Coin-based decision making is probably a bad idea, but I've heard that flipping a coin to decide between two options is a good idea if you're indecisive, because while it is in the air you'll know what you really want to do.
Yeah, more along those lines is what I meant. If you've got two (or a few, you can break it down pretty easy using a single coin) options that are as good or nearly as good (or at least you have no particularly strong reason to choose one over the other), then a coin flip can save some time. Mostly I'm just sorta' curious if reality has some kind of strange coin-flip bias where choices made like that (between two relatively good options) tend to come out better than not. Maybe it (reducing your field of choices to a small pool of acceptable ones and then choosing pseudo-randomly) is a more optimal strategy than actually deciding! I don't think anyone's actually ran the numbers, so... it could be.

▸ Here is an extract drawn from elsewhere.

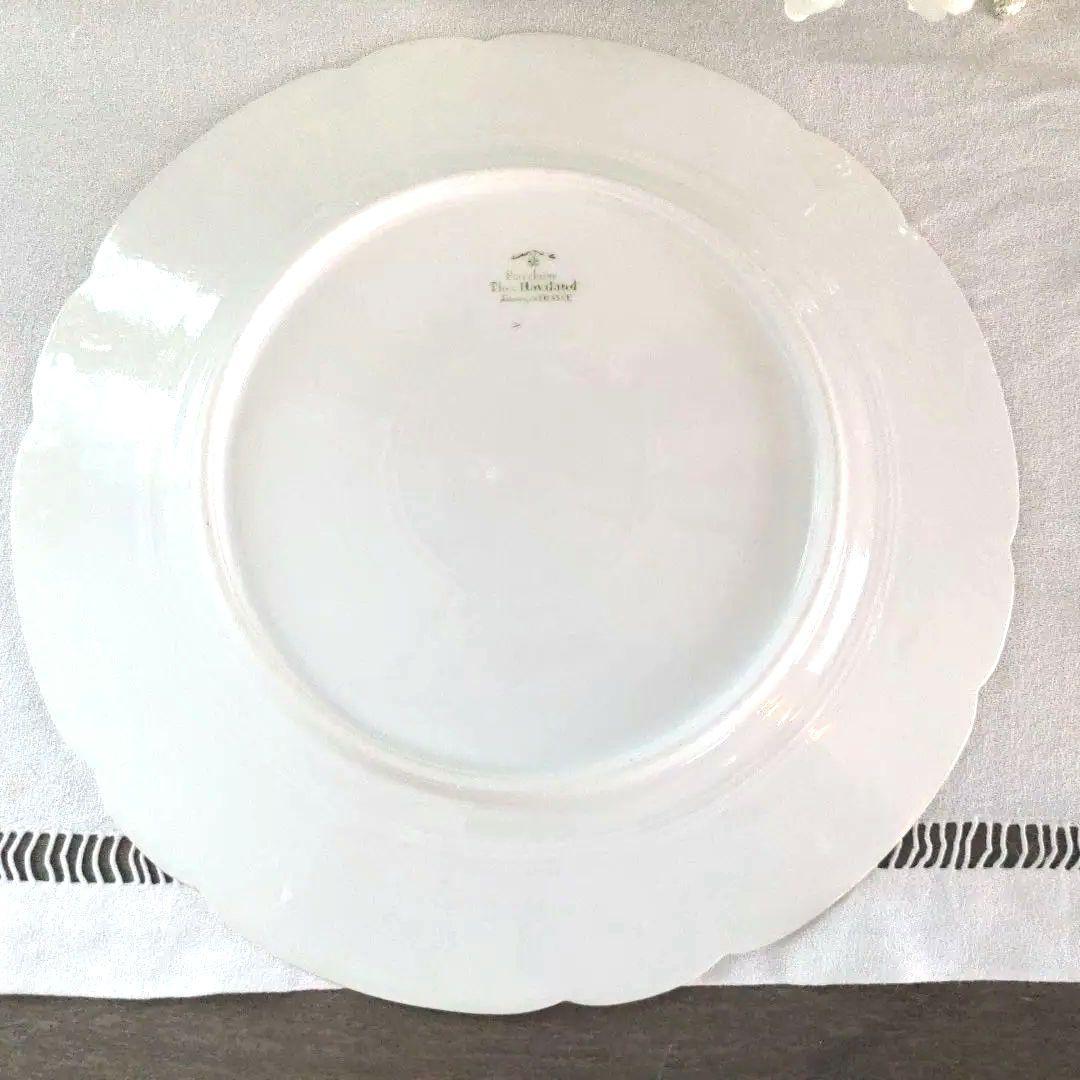 アビランド　プレート　２５ｃｍ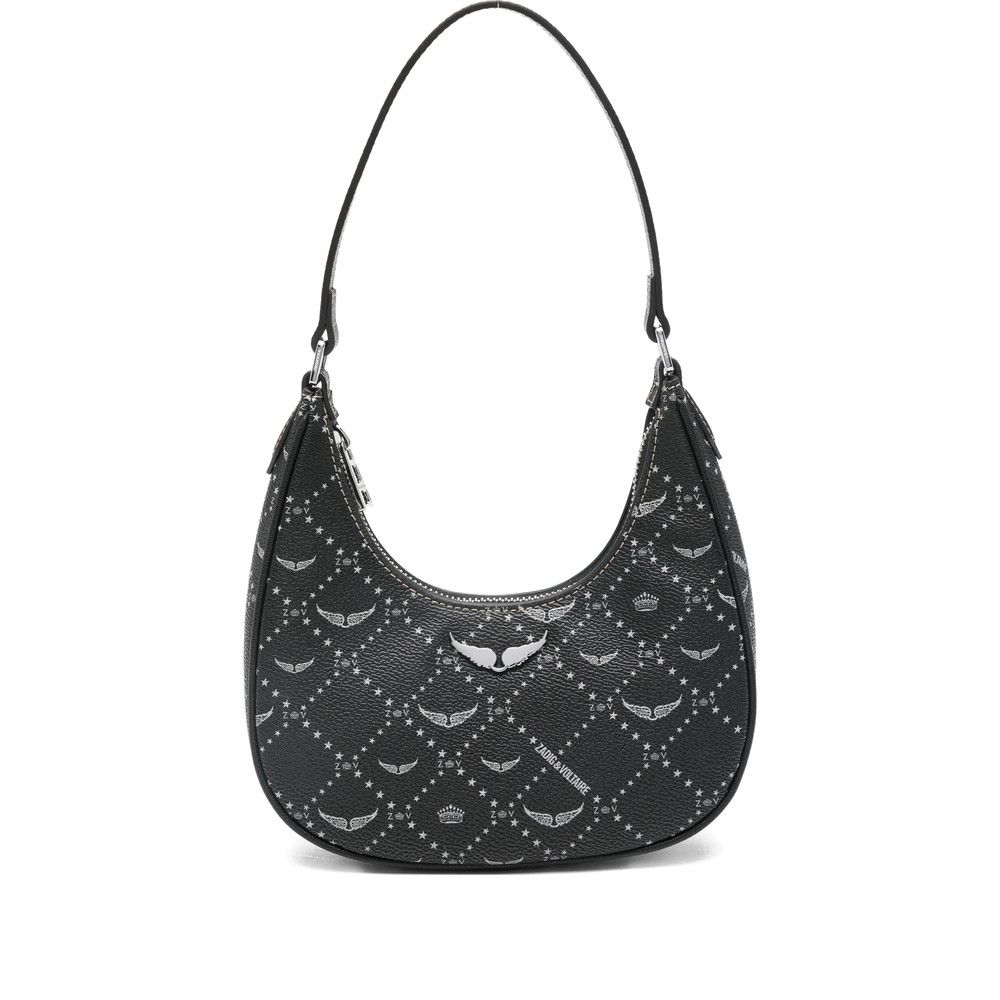 Zadig & Voltaire Zadig & Voltaire BLACK Shoulder Bags Size ONE SIZE - 1 Thumbnail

Not sure if I'd use indecisive particularly, though. More of an ambivalence thing. Indecision would indicate sitting around and trying to figure out the better choice instead of just choosing and not really caring what the outcome is. Most of the decisions I make via coin flip (which, being fair, mostly revolve around what's for dinner) certainly aren't made in mid air, though. I just don't really care what I eat (well, among the foodstuffs I keep regularly) and flipping a coin is more fun than grabbing the first thing I pull out of the food bag* sometimes. Heads means the food that comes earlier in the alphabet, tails the one later.
*I keep most of my canned food and non-perishables in a single large bag (I think it was originally a laundry bag or something, I'unno.), which I reasonably refer to as the food bag. Lunch generally consists of reaching into the bag and cooking whatever comes out, but sometimes I flip for it.